Okay, a few months ago, I had a problem with excessive cross compilation time. A lot less complicated than your compiler macros, but still ended up with 2h+ per binary with the only problem being that, well, I had to write a lot more code than for just one binary over the next few months...
Also, I cross compile to 2 different platforms, so in total each binary is build 3 times, one for the CI host for testing and one for each platform. The previous setup relying on Cargo and Github was a non-starter.
After some back and forth, here is what I did:
- Migrated my repo from Cargo to Bazel
- Separated large crates into smaller crates since Bazel hashes per crate
- Added remote cache, that is, compiled artifacts are stored in a remote cache
and just loaded from the cache in case nothing has changed.
- Added Remote Build execution that compiles the entire project on a cluster with 80 CPU cores. Thanks to BuildBuddy.com, this with a surprisingly easy.
- Re-designed the dependency graph so that each binary follows a path through the dependency graph that is disjoint from all other pathways
I cannot stress enough how much of a life saver BuildBuddy has become over time because, while Bazel is already quite fast, with proper remote build and remote cache, it just flies at the speed of light.

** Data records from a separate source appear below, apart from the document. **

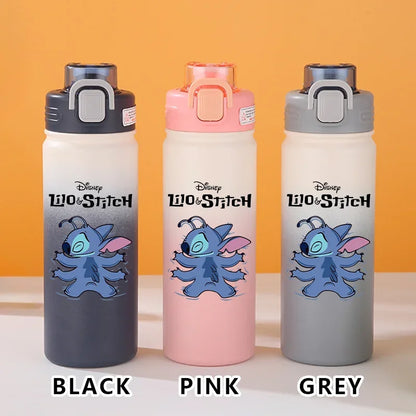 Disney Lilo Stitch Gradient Thermos Cup Outdoor Sports Fitness Portable Leak-proof Camping Cartoon Animation Cycling Kettle Gift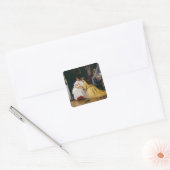 Erste Geboren, 1863 Quadratischer Aufkleber (Umschlag)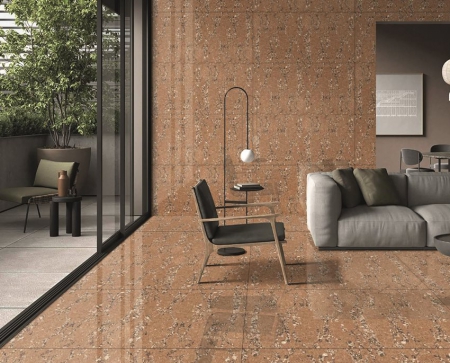 Glazed Porcelain Tiles 600x1200 MM Double Charge dc 1017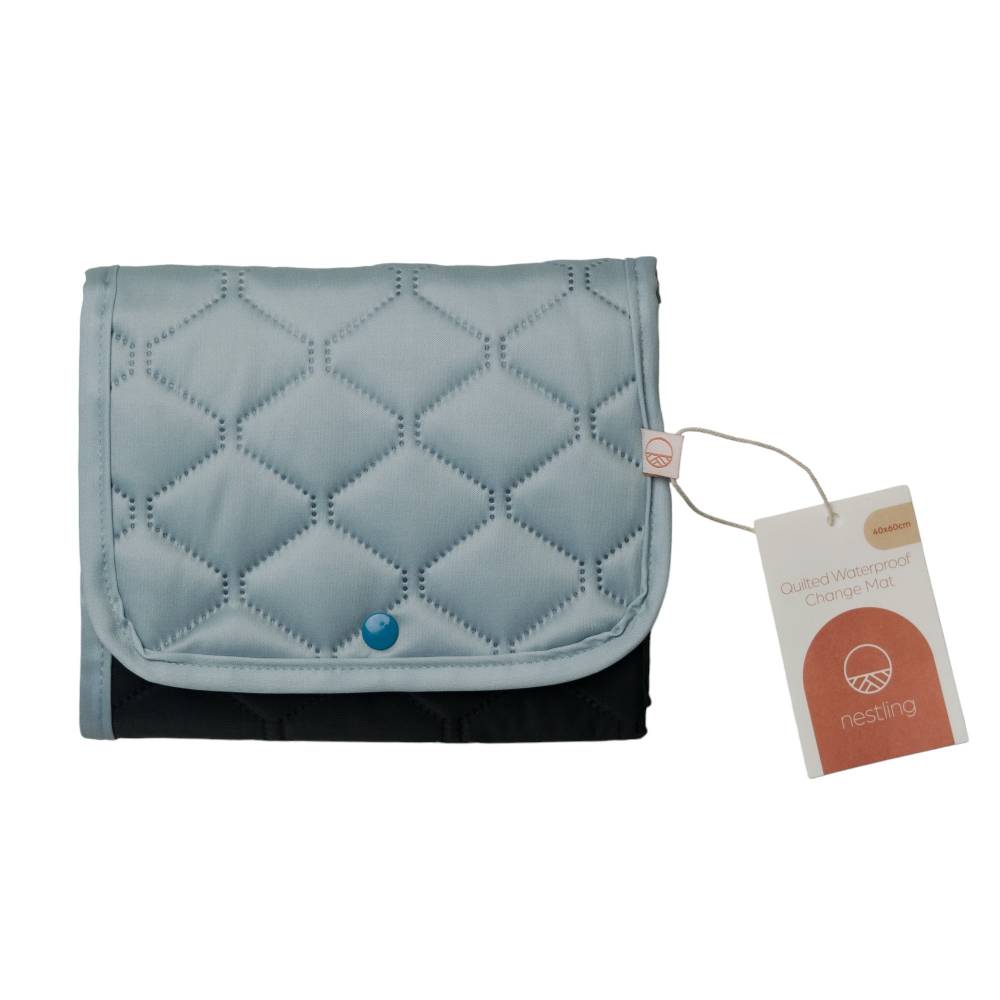 Waterproof Quilted Change Mat - Sage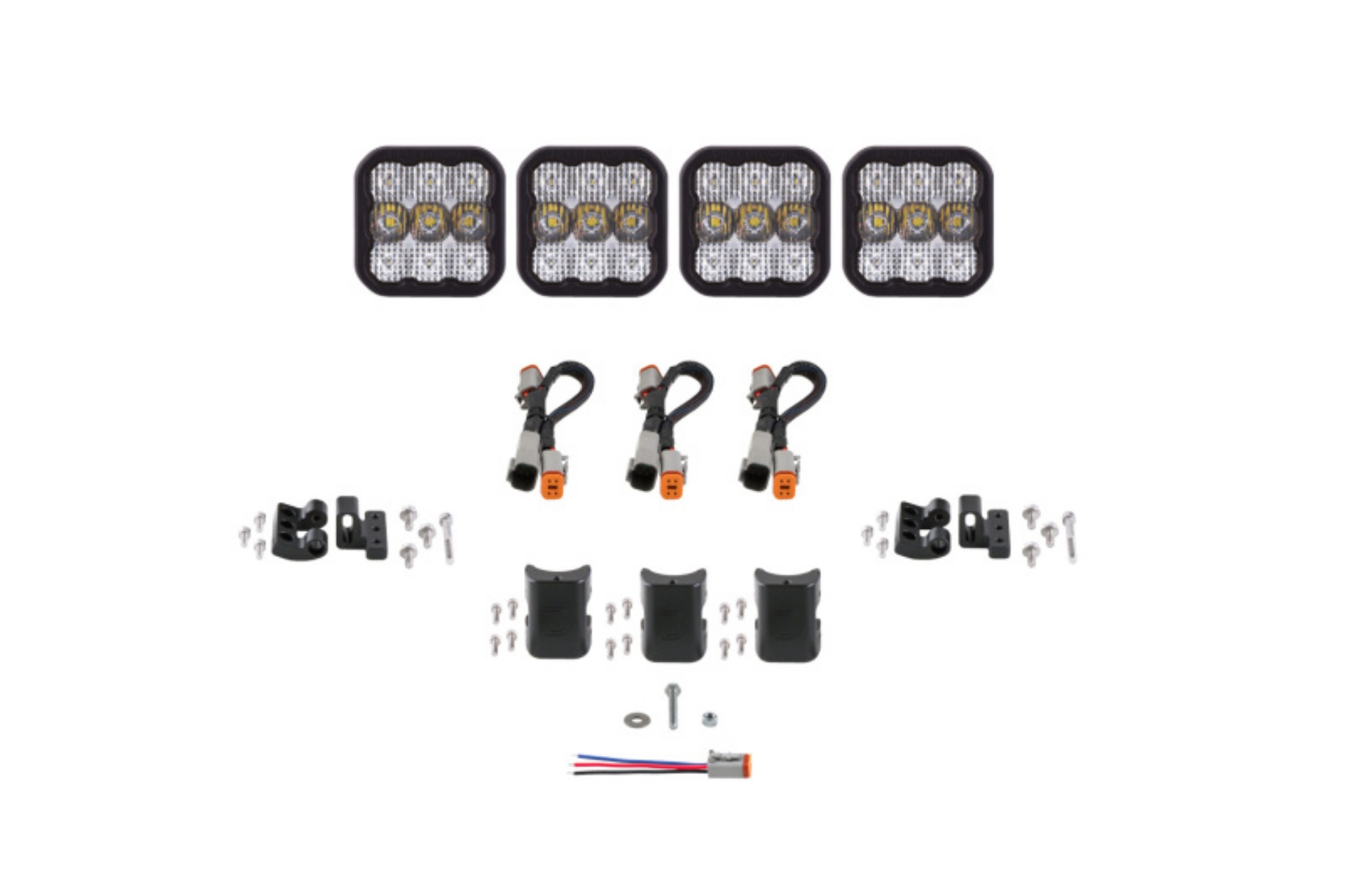Picture of Diode Dynamics SS5 Pro Universal CrossLink 4-Pod Lightbar - White Combo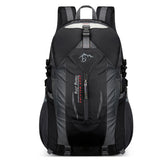 NNEDSZ Black Lightweight Hiking Backpack - Waterproof Outdoor Travel & Camping Bag with Multi-Compartment Design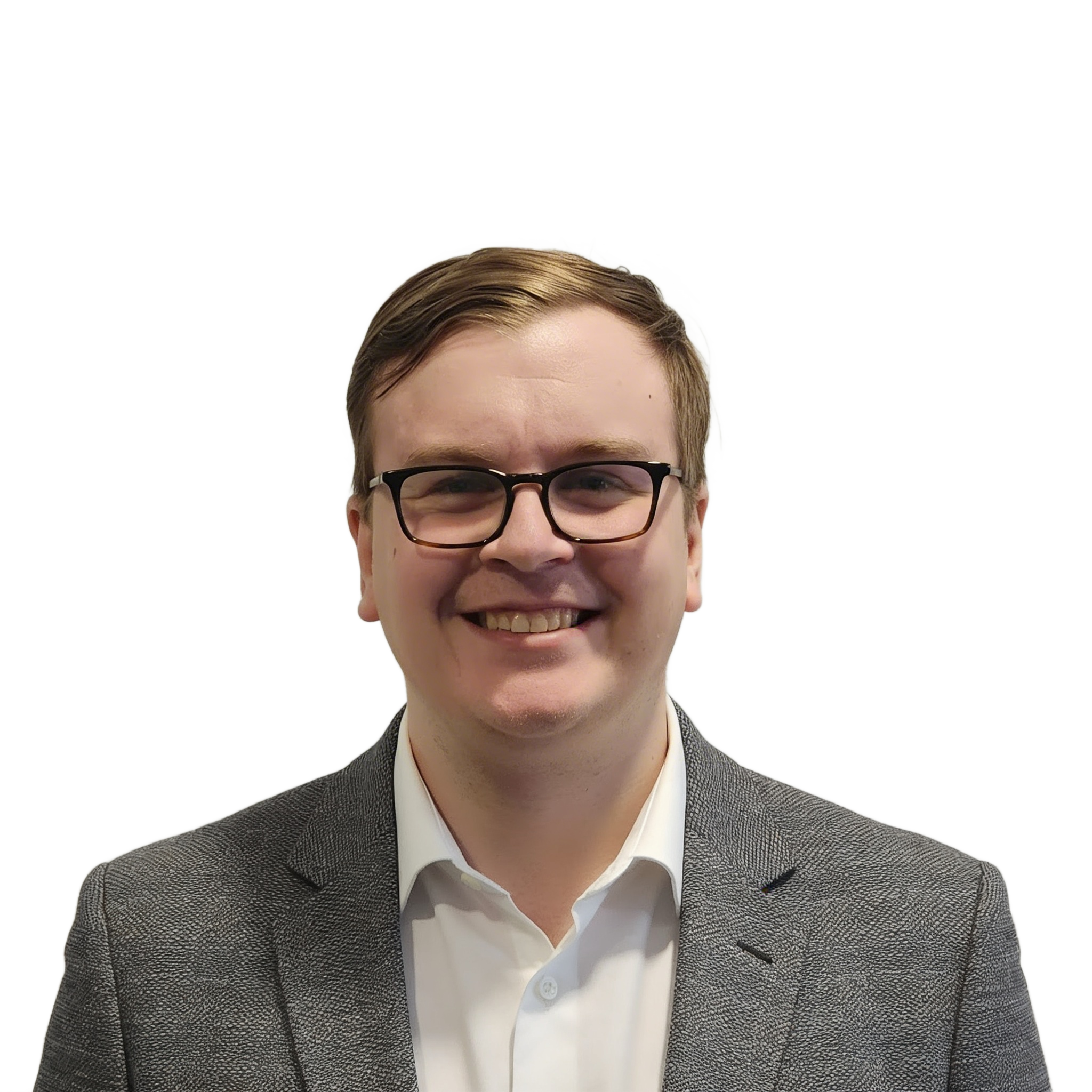 Portrait of Tom Kirby, Developer of Helixco, a commercial and large loss project management software company specializing in time and materials governance and operational oversight for restoration and managed repair programs.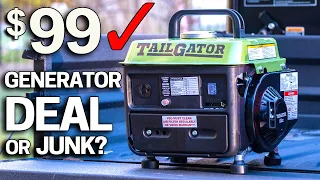 Testing the Cheapest Harbor Freight Generator $99 Tailgator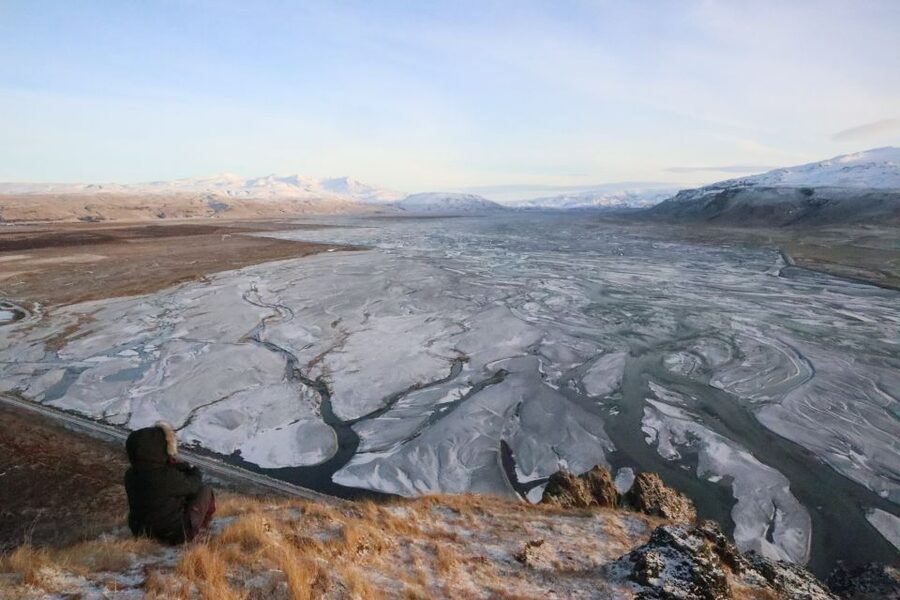 From Reykjavik: Explore the Waterfalls of the South Coast - Stóra-Dímon and the view over southern Iceland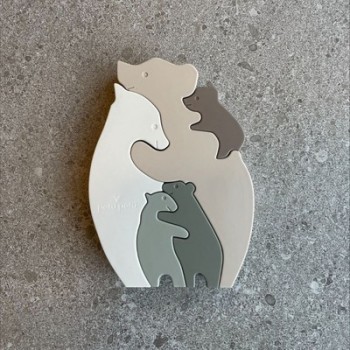 Puzzle din silicon Bear - Lucca - Forest Mix - Petú Petú Puzzle din silicon Bear - Lucca - Forest Mix - Petú Petú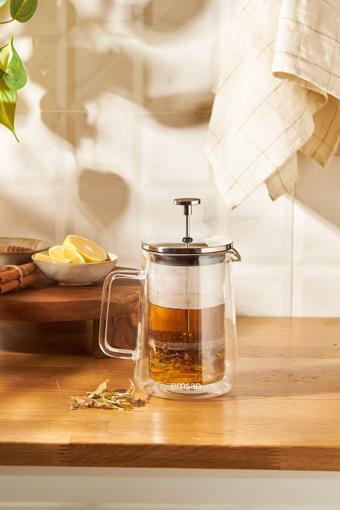 Emsan Double Glass French Press 600 ml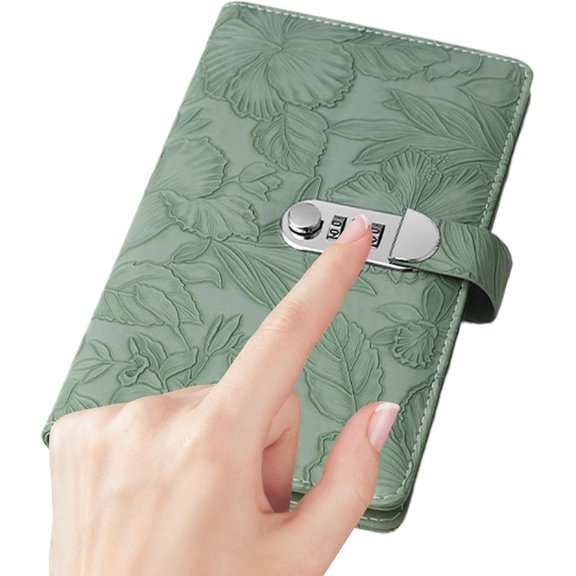 Savings Book with Lock,Banknote Storage Notebook,Envelope Savings Challenge Book with Lock | for Freelancers Beginners Families Home Office Apartment Travel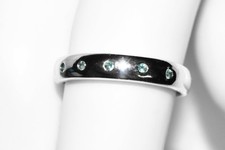9ct White Gold Natural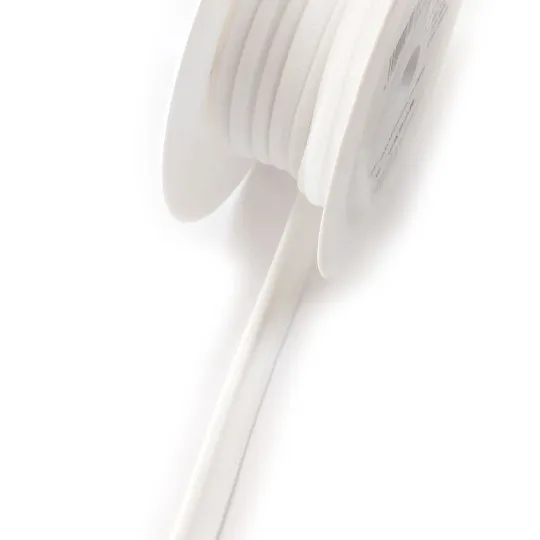 12m Paspelband elastisch weiß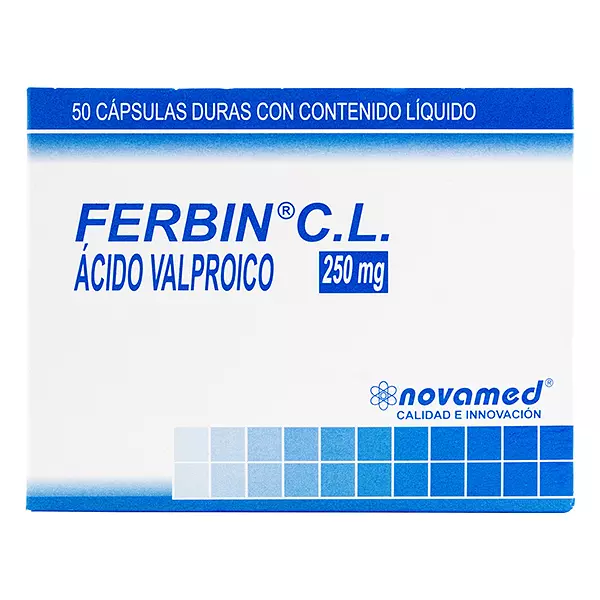 Ferbin (Acido Valproico) Cj X 50 Cap Novamed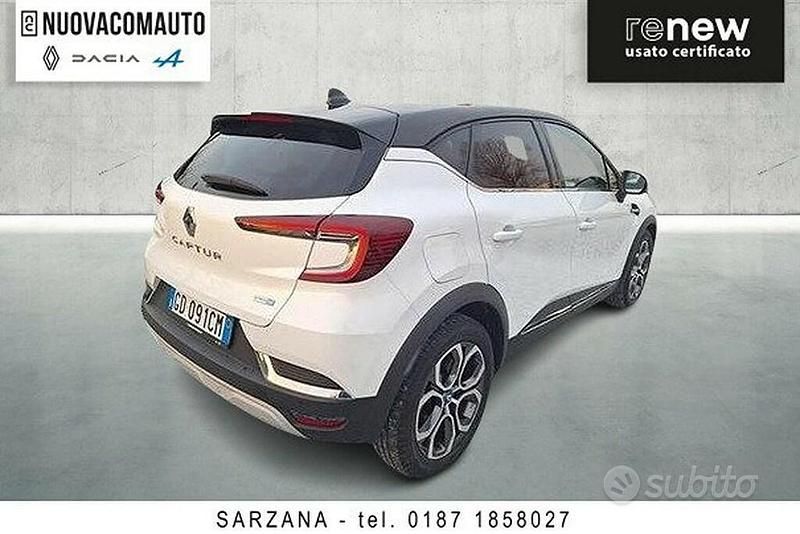 Usata Renault Captur Intens 159 CV (116 kW) 2020 Bianco ghiaccio SUV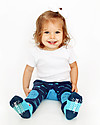 Zoocchini Grip+Easy Anti-slip Leggings & Socks Set - Sherman the Shark Leggings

My mono-repo vendors all dependencies so in total we're talking about 400mb of source code with my own code being close to a hundred crates so it's a lot. Not the biggest in the world, but already enough that you don't even want to do full rebuilds with Cargo anymore.
These days with Bazel and BuildBuddy, a full rebuild i.e. when a new Rust version comes out, takes about 8 minutes and an incremental build is usually done within two minutes. In both cases, the build protocol is compile, unit test, integration test, container build, and container publish. And all binaries are build with opt level 3 for two different platforms...
The speedup comes largely from parallel execution, which comes from the disjoint dependency pathways mentioned earlier. And Bazel / BuildBuddy caches reliably everything, so that is a big one too.
In my experience, when you can chunk your larger crates that take the longest to compile into a larger number of small crates and design your dependency graph so that each output artifact runs through a disjoint path, then you may see a substantial speedup even with Cargo. The build tool is a lot less relevant to total compile time compared to the real impact of a poorly designed dependency graph.
This idea goes both ways: A slow dependency graph is basically a linear ordered sequence of gigantic crates where the first one blocks all others. Obviously, this build takes hours.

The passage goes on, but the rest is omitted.